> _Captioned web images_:
········

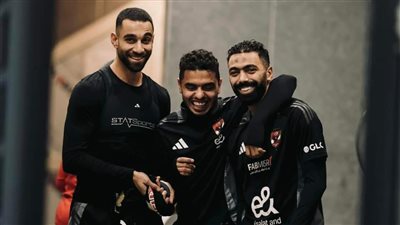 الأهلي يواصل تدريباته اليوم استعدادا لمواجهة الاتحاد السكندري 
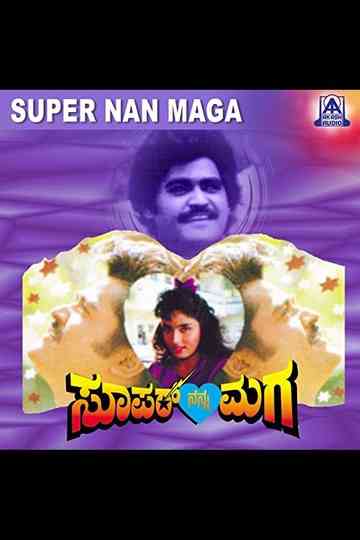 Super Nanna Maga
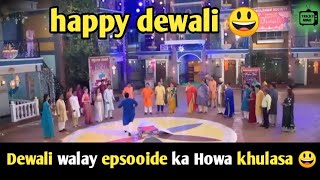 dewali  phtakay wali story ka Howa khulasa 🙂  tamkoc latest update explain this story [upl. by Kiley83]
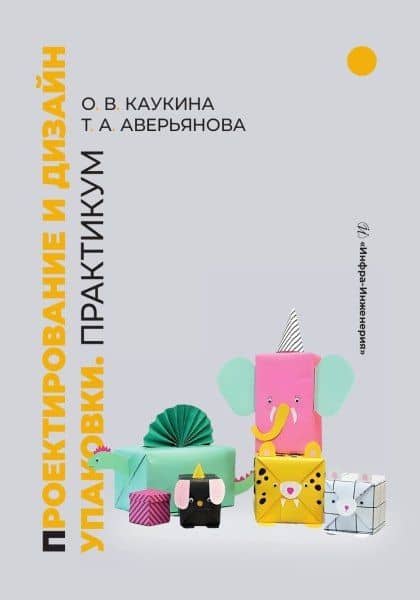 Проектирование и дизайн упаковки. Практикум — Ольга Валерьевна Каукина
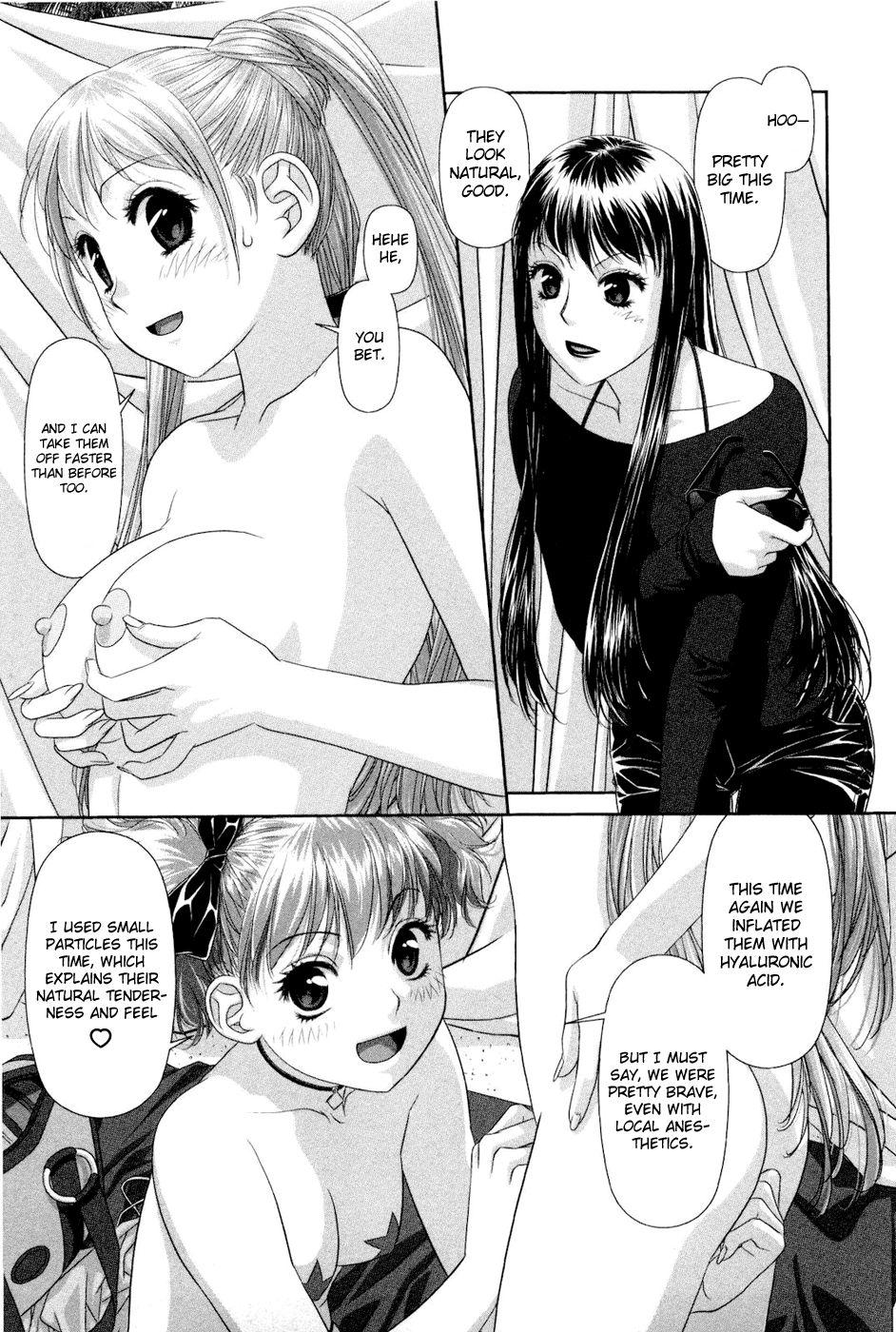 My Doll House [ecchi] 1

········

> _YOUR TASK_:
Starting with the line containing "Проектирование и дизайн" and ending with the last line of the records above, write out each line exactly; no pictures.

> _ANSWER TO THE EXERCISE_:
 Проектирование и дизайн упаковки. Практикум — Ольга Валерьевна Каукина
 My Doll House [ecchi] 1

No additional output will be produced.